U.S. closer to scrutinizing key clearinghouses
WASHINGTON/BOCA RATON, Florida |
WASHINGTON/BOCA RATON, Florida (Reuters) - Regulators moved closer on Thursday to ramping up supervision of clearinghouses, part of an effort to manage risks in the roughly $600 trillion over-the-counter global derivatives market.
A council of regulators, charged with identifying potential threats to financial markets, sought input on what criteria should be used to decide which clearinghouses should be policed by the Federal Reserve.
Clearinghouses or financial market entities chosen as "systemically important" would also gain access to the Fed's emergency lending facilities, prompting concern from a top financial regulator on the council.
Federal Deposit Insurance Corp Chairman Sheila Bair said she was concerned about "moral hazard" or inducing careless corporate behavior because of a belief the government will always come to the rescue.
"Did a clearinghouse ever come close to failing," Bair said at the Financial Stability Oversight Council's public meeting on Thursday.
Commodity Futures Trading Commission Chairman Gary Gensler said no clearinghouses have failed.
With much of the private derivatives market to be forced through clearinghouses, some of the biggest, including those run by CME Group Inc, the OCC, and IntercontinentalExchange Inc, are expected to get the designation.
The Council, which is led by Treasury Secretary Timothy Geithner and includes the heads of the top financial regulators, plans to start identifying the major derivatives clearing organizations after it finalizes the criteria.
The Council also will finalize criteria for designating non-bank financial firms, such as insurers, as soon as April.
Under the Dodd-Frank reform bill, most of the private derivatives contracts will be forced through clearinghouses, so that the clearinghouse can stand between the two parties and assume the risk if one party defaults.
Derivatives risk would then be concentrated in the clearinghouse instead of the counterparty. Although that too holds a potential threat to the financial system.
CME BALKS AT TWO-TIERED SYSTEM
It is not known whether the smaller clearinghouses such as the Nasdaq-backed International Derivatives Clearing Group will qualify or be tarred with the designation but the industry has been anxiously watching the Council's deliberations.
"I find it hard to believe that there are (designated clearing organizations) that are not systemically important, since what (they) do is help contain systemic risk," CME Group Inc clearinghouse head Kim Taylor told Reuters on the sidelines of the Futures Industry Association meeting in Boca Raton, Florida.
CME is one of the world's largest clearers, and has told its regulator it opposes the idea of a two-tiered system.
"I would think that you would want all clearinghouses to be operating at a level of safety and soundness," she said.
A two-tiered system invites some smaller clearinghouses to try to stay just below the threshold of "systemically important" so as to avoid the extra cost of meeting higher safety standards.

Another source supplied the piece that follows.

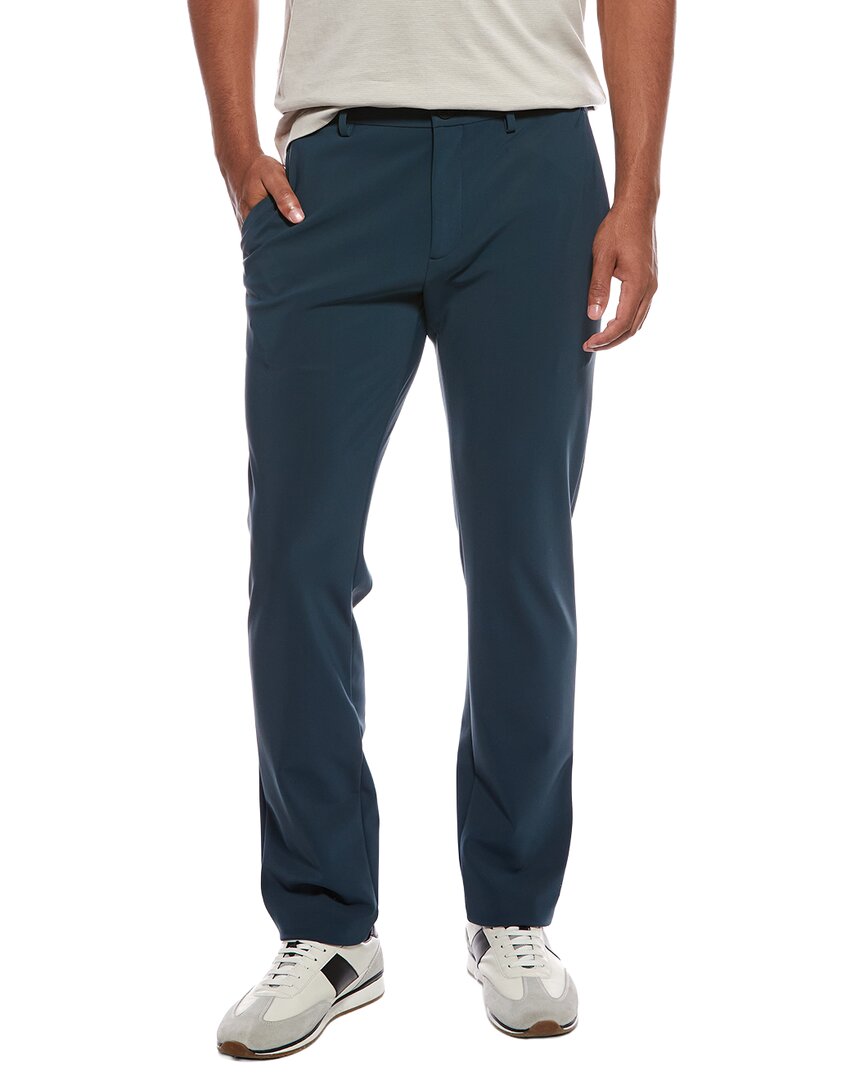 Pantalón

Rules proposed in October by the Commodity Futures Trading Commission, for instance, would require systemically important clearing venues to have enough financial backing to withstand a default by their two largest members.

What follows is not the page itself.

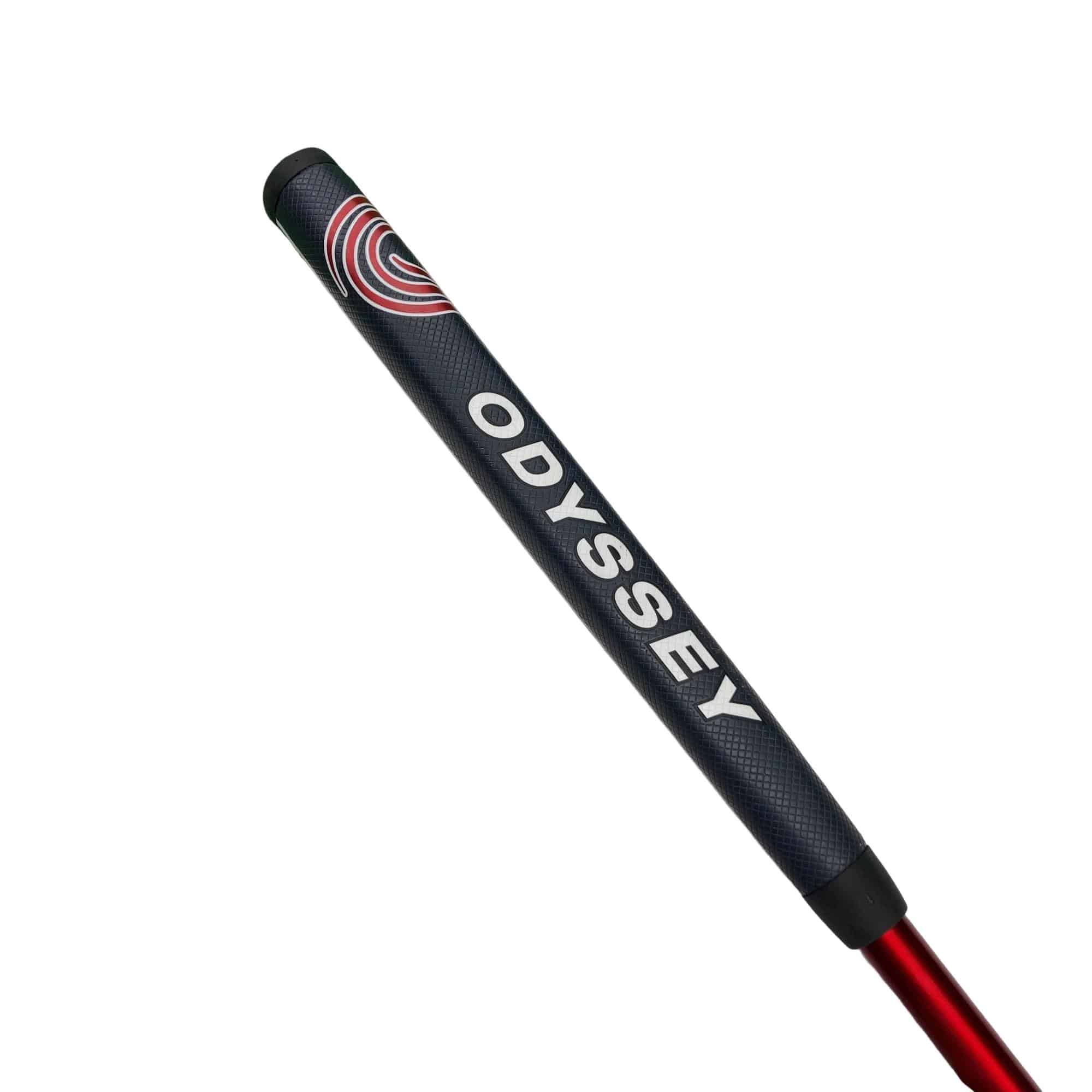 �s�q�h�|�a�d�`�l�@���V�@�b�r�@�R�S�C���`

Clearinghouses that do not receive a designation by the council would only be required to have enough resources to withstand a default by their one largest member.
Also at the meeting, Geithner announced that Michael McRaith will head the new Treasury Federal Insurance Office, which will advise the council but not have a vote. McRaith is an Illinois state insurance regulator.
(Additional reporting by Dave Clarke in Washington; Editing by Tim Dobbyn and Carol Bishopric)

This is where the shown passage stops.